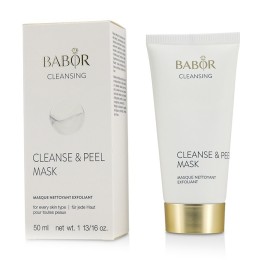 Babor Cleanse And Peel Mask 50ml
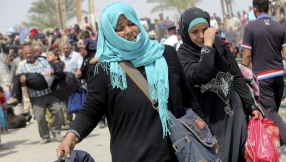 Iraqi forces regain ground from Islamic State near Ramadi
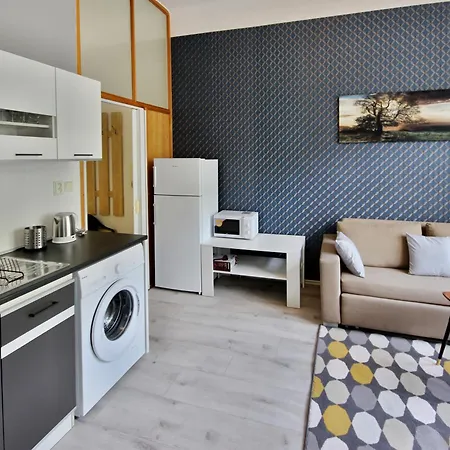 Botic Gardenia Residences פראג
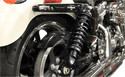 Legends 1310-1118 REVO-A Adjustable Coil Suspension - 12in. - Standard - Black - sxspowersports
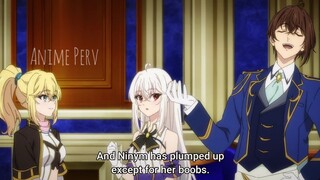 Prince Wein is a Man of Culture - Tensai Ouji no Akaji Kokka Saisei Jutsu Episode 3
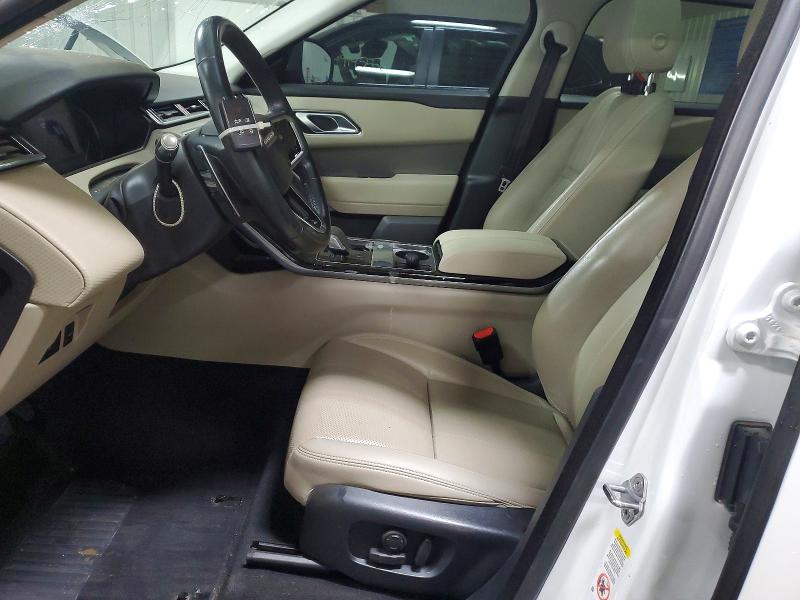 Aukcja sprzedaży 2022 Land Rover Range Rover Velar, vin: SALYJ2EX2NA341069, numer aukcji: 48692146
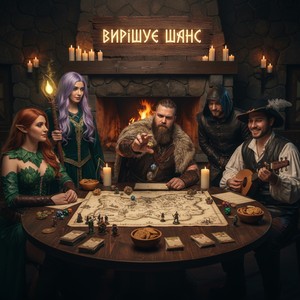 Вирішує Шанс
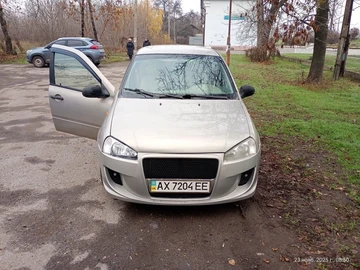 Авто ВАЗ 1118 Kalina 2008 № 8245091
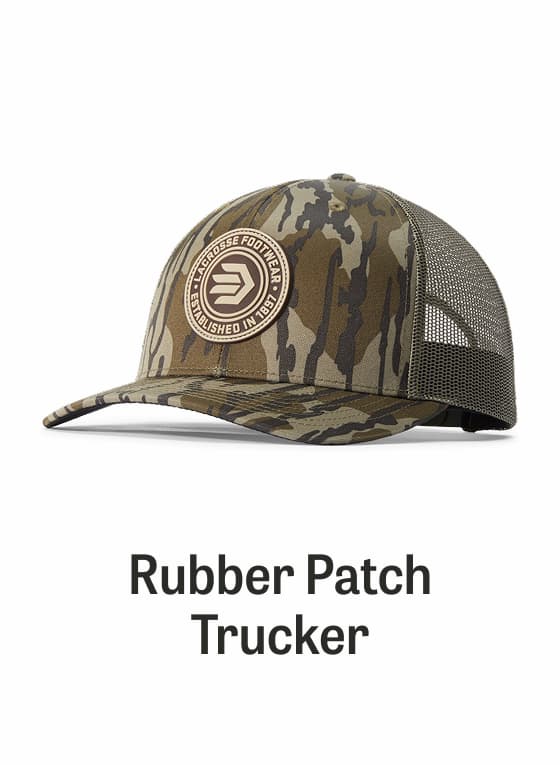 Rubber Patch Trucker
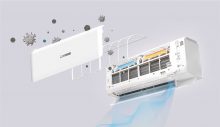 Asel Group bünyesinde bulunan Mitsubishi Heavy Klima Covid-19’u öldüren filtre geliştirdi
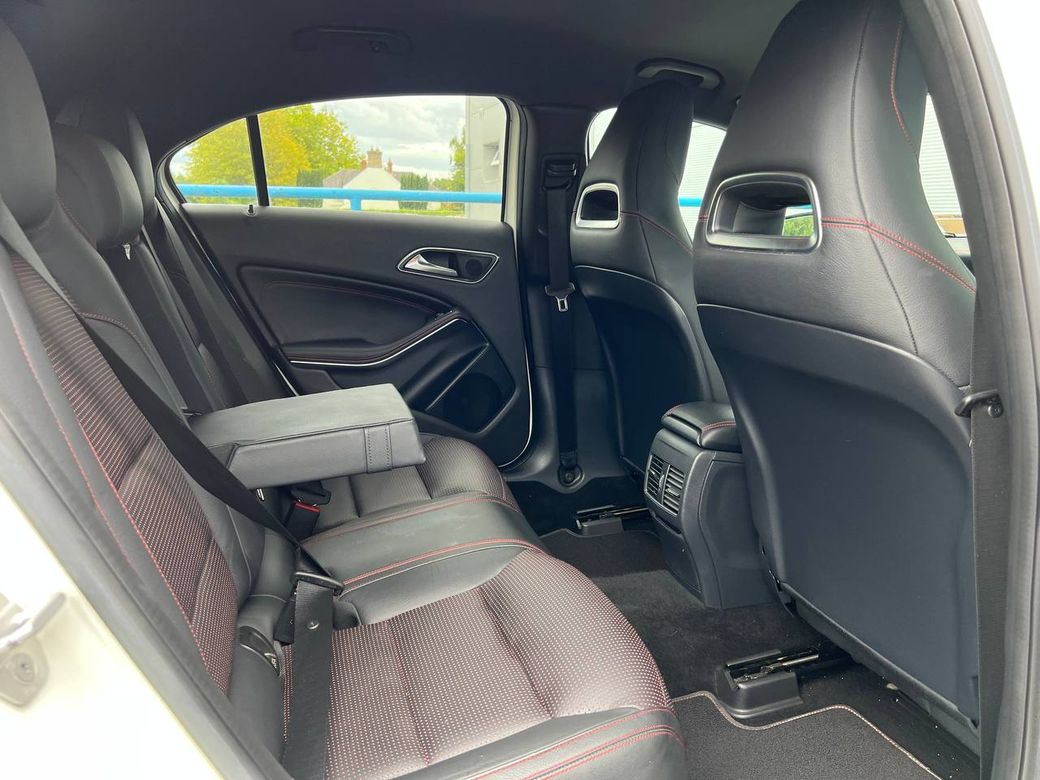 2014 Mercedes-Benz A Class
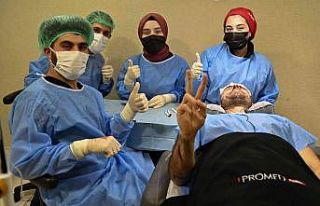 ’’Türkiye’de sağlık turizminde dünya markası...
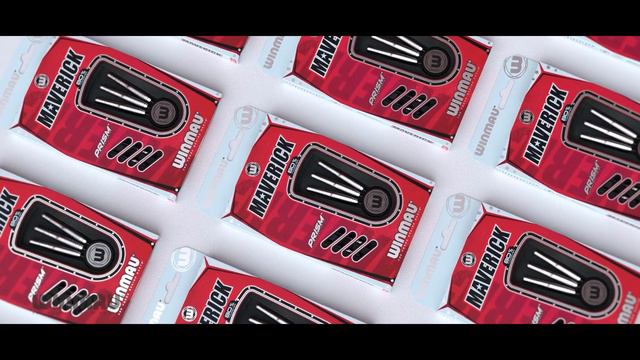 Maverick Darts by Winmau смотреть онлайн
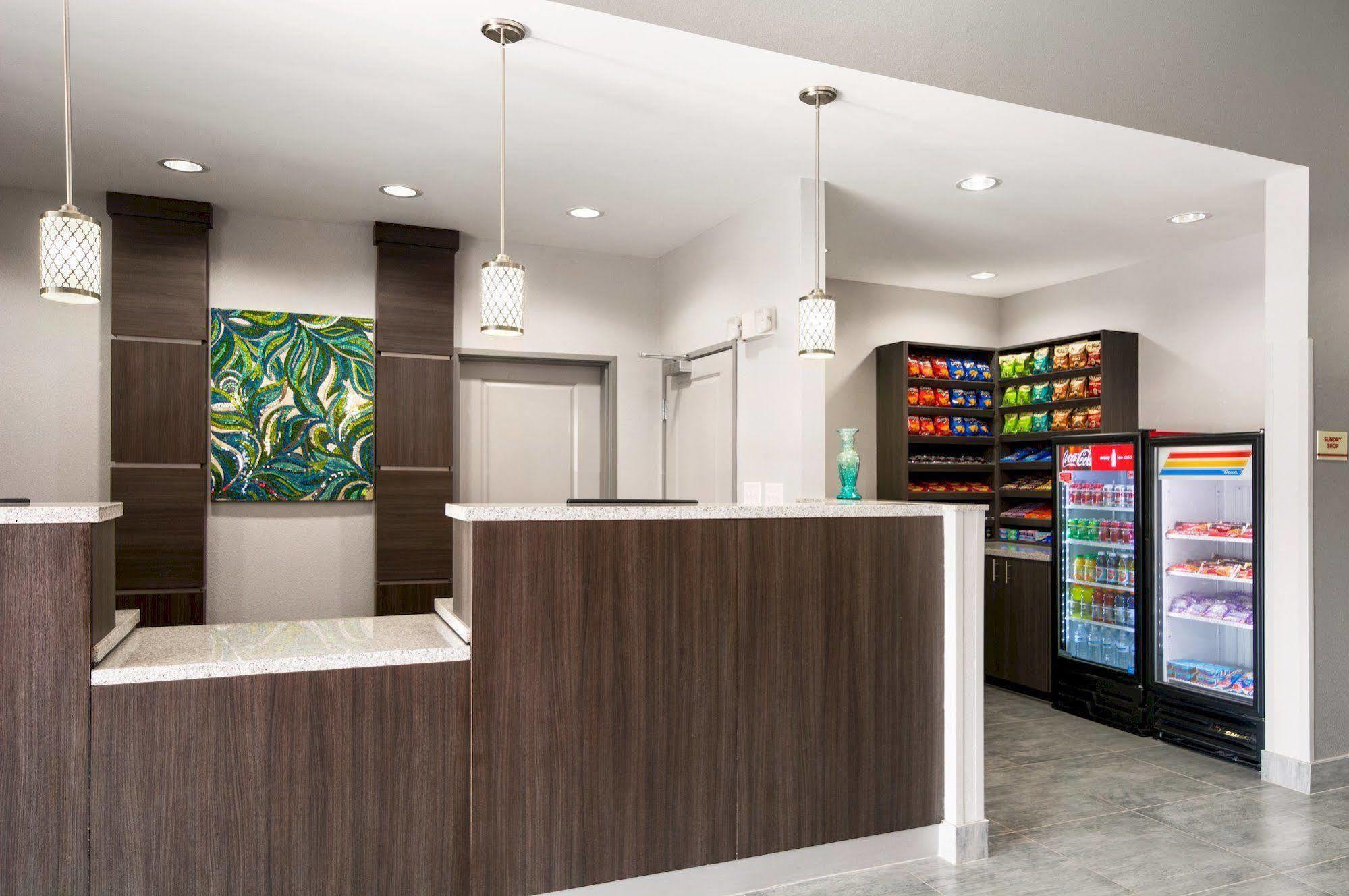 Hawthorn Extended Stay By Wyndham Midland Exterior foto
--
The copy should match each line above exactly and contain no images.

 Babor Cleanse And Peel Mask 50ml
 Iraqi forces regain ground from Islamic State near Ramadi
 Botic Gardenia Residences פראג
 Legends 1310-1118 REVO-A Adjustable Coil Suspension - 12in. - Standard - Black - sxspowersports
 Prince Wein is a Man of Culture - Tensai Ouji no Akaji Kokka Saisei Jutsu Episode 3
 Aukcja sprzedaży 2022 Land Rover Range Rover Velar, vin: SALYJ2EX2NA341069, numer aukcji: 48692146
 Вирішує Шанс
 Авто ВАЗ 1118 Kalina 2008 № 8245091
 Rubber Patch Trucker
 Asel Group bünyesinde bulunan Mitsubishi Heavy Klima Covid-19’u öldüren filtre geliştirdi
 2014 Mercedes-Benz A Class
 ’’Türkiye’de sağlık turizminde dünya markası...
 Maverick Darts by Winmau смотреть онлайн
 Hawthorn Extended Stay By Wyndham Midland Exterior foto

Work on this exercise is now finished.